How to help a doctor help a loved one
Advice from a physician while advice columnist Carolyn Hax is away.
While I’m away, readers give the advice.
DEAR ON HELPING A LOVED ONE WHOSE HEALTH IS AT RISK: I often wish advice columnists would counsel neighbors, family and friends who are concerned about someone to send a letter to the patient’s doctor. It’s usually easy enough to find out names of people’s doctors: Most people keep their meds in the bathroom medicine cabinet or on the kitchen counter, and the doctor’s name and phone number are right on the pill bottle.
If not, “New neighbors just moved in down the street and asked about good doctors but mine doesn’t take their insurance; your doc has always seemed great, what’s her name again?” works too.
Include the patient’s full name, date of birth and/or address so we can connect the letter to the correct patient’s file, and then be as specific as possible about any observations and concerns.
We can’t respond to the letter because of HIPAA regulations, but a reputable doctor will take it under advisement. If the letter writer wishes, s/he can request anonymity.
While I can’t guarantee the patient won’t put two-and-two together, it’s usually not too hard for me to make up a pretext about why I need to see the patient, and with a few routine questions and physical exam maneuvers, I can usually come up with enough evidence to take good care of my patients without disclosing the letter.
This could be useful for concerns about driving safety, dementia, mental illness, elder abuse, domestic violence, sexual abuse, child abuse or substance abuse. These are all situations in which neighbors, friends and family are well positioned to provide collateral history that patients may hide, and thus doctors may miss unless prompted.
Of course, we can’t “cure” any of these problems, but with this information in hand, we can offer the patient our candid professional assessment, support and the appropriate referrals.
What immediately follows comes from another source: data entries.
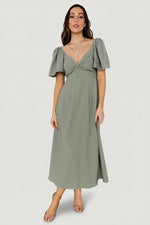 Indie Back Tie Dress | Dusty Green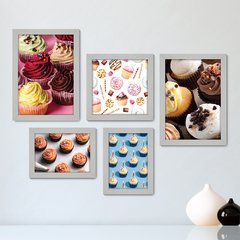 Kit Com 5 Quadros Decorativos - Cupcake Doceria Lanchonete Cozinha - 121kq01 - comprar online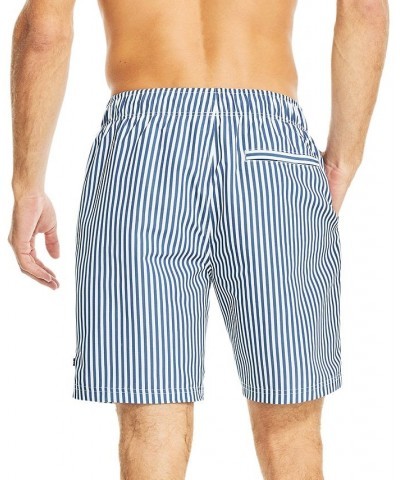 Men's Drawstring Seersucker Striped 8" Swim Trunks Blue $20.38 Swimsuits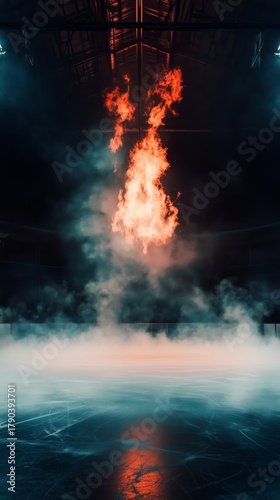 Bright Flames Rise From a Serene Water Surface Under Dark, Cloudy Sky at Sunset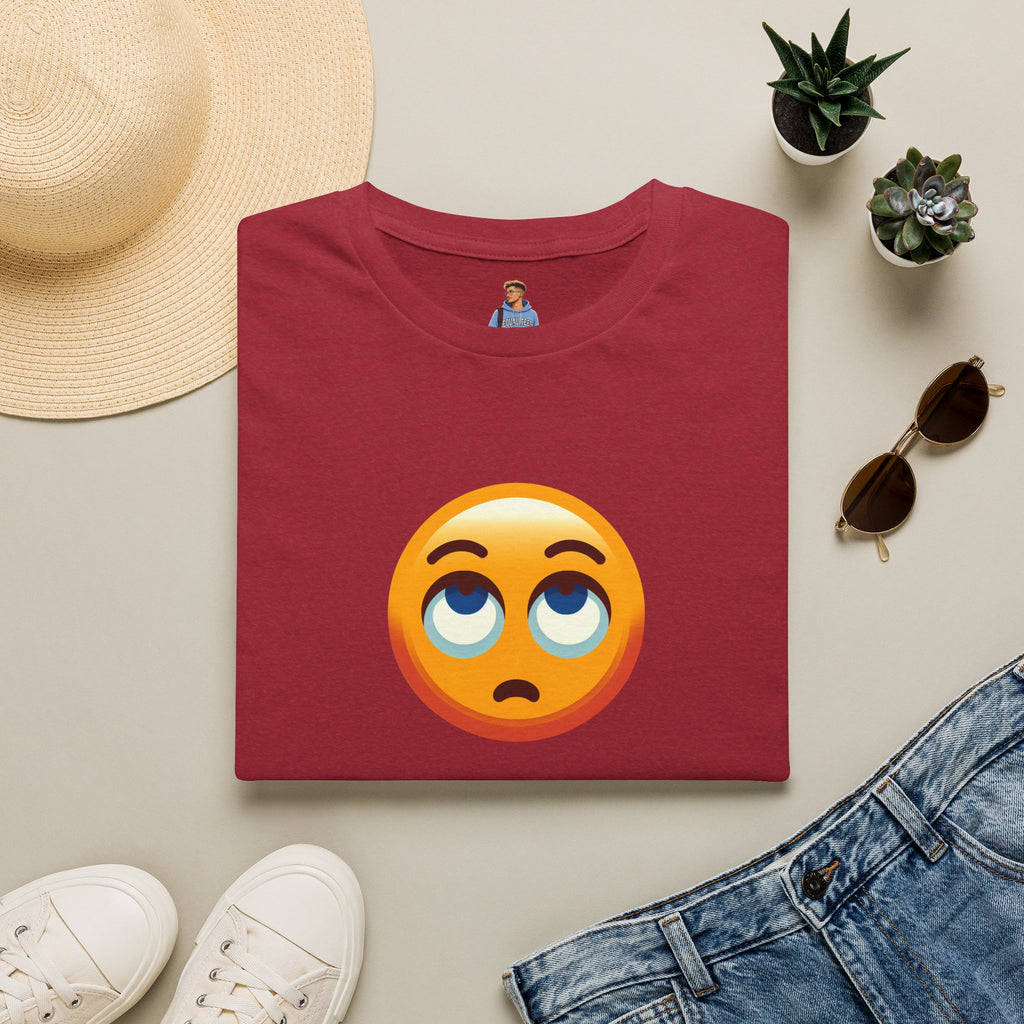 Camiseta unisex de estilo suave con emoji de ojos en blanco | Camiseta gráfica informal para el día a día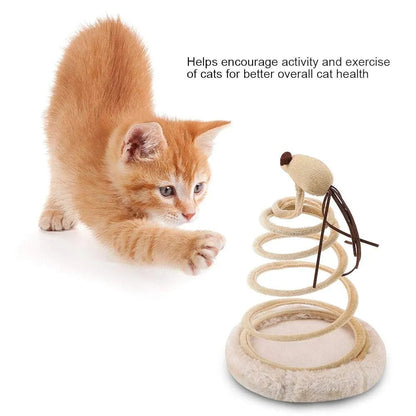 Interactive Cat Toy, Cat Plush Toy with Spiral Spring Plate and Funny Ball or Mouse Interactive Stainless Steel Spring Rotating Cat Creative Toy to Kill time and Keep Fit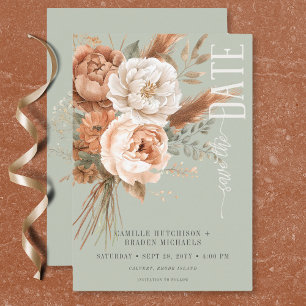 Save The Date Mariage Vert Floral Bohème Terracotta Abricot & Cr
Physicians are legally obligated to report cases of potential child abuse, so writing a credible letter about that may trigger an alert to the relevant authorities.
For patients with drug and alcohol problems, we can choose medications less likely to have harmful interactions.
For victims of physical abuse, we might think twice before prescribing blood thinners, or order an additional X-ray to check for internal trauma. We can keep the alleged abuser busy filling out forms in the waiting room while we screen the patient privately for abuse.
Writing a letter probably won’t fix the immediate situation, but it could help us do everything possible to keep the patient alive until they’re ready to choose the help they need.
— A Physician
On partners who call you by an ex’s name:
On my wedding night, when we were finally alone, my new husband turned to me and said, “How does it feel to be Mrs. [Name].” And the name he supplied was his ex-wife’s.
He was completely horrified and I just laughed — not because of the look on his face, but because I was standing there and she wasn’t.
It is 27 years later and he doesn’t call me by his ex-wife’s name anymore; he just calls me by the pets’ names, our daughter’s name, or his assistant’s name. But that’s OK, because I’m still standing here.